An independent AI researcher, LuffyTheFox, has identified and patched a significant technical flaw in quantized versions of the popular Qwen3.6-35B-A3B-Uncensored language model. The bug, termed 'tensor drift,' specifically affected the `ssm_conv1d.weight` layers—recurrent state transition layers crucial for the model's long-context memory. This numerical instability, which also appeared in quantized models from Unsloth, was causing performance degradation. The researcher's key innovation was using the Wasserstein metric (W1), a statistical distance measure, to detect the drift more effectively than the traditional Kullback-Leibler divergence, leading to a precise correction.
The patched model, 'Qwen3.6-35B-A3B-Uncensored-Wasserstein-GGUF,' is now available on Hugging Face. It is based on an earlier aggressive quantization by HauhauCS. According to the creator, the fix results in a model that 'talks almost like a human,' remains fully uncensored, handles programming tasks well, and maintains character consistency in long-context roleplay scenarios. Recommended settings for optimal performance in tools like LM Studio include a Q4_K_P quantization, a temperature of 0.7, and specific penalty adjustments.
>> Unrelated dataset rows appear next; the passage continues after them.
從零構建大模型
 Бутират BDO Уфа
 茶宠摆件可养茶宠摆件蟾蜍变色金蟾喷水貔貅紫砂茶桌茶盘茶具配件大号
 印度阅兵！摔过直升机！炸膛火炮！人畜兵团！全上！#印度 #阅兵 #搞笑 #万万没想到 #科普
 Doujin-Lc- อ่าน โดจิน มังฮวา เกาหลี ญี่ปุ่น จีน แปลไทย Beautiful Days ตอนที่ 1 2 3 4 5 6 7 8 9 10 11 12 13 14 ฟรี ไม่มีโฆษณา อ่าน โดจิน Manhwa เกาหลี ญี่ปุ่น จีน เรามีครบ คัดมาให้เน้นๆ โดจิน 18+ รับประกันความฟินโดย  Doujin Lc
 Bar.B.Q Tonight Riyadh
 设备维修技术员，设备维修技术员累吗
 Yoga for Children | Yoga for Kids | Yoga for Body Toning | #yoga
This community-driven fix highlights the ongoing need for rigorous validation of quantized models, especially for complex architectures like State Space Models (SSMs).
- Researcher LuffyTheFox fixed 'tensor drift' in Qwen3.6-35B-A3B's SSM layers using the Wasserstein (W1) metric for detection.
- The bug affected `ssm_conv1d.weight` layers critical for long-context memory and was also found in Unsloth's quantized models.
- The patched GGUF model is available on Hugging Face and is recommended for uncensored chat, programming, and long-context roleplay.
Why It Matters
This fix ensures critical open-source models run stably after quantization, preserving their long-context reasoning capabilities for developers and researchers.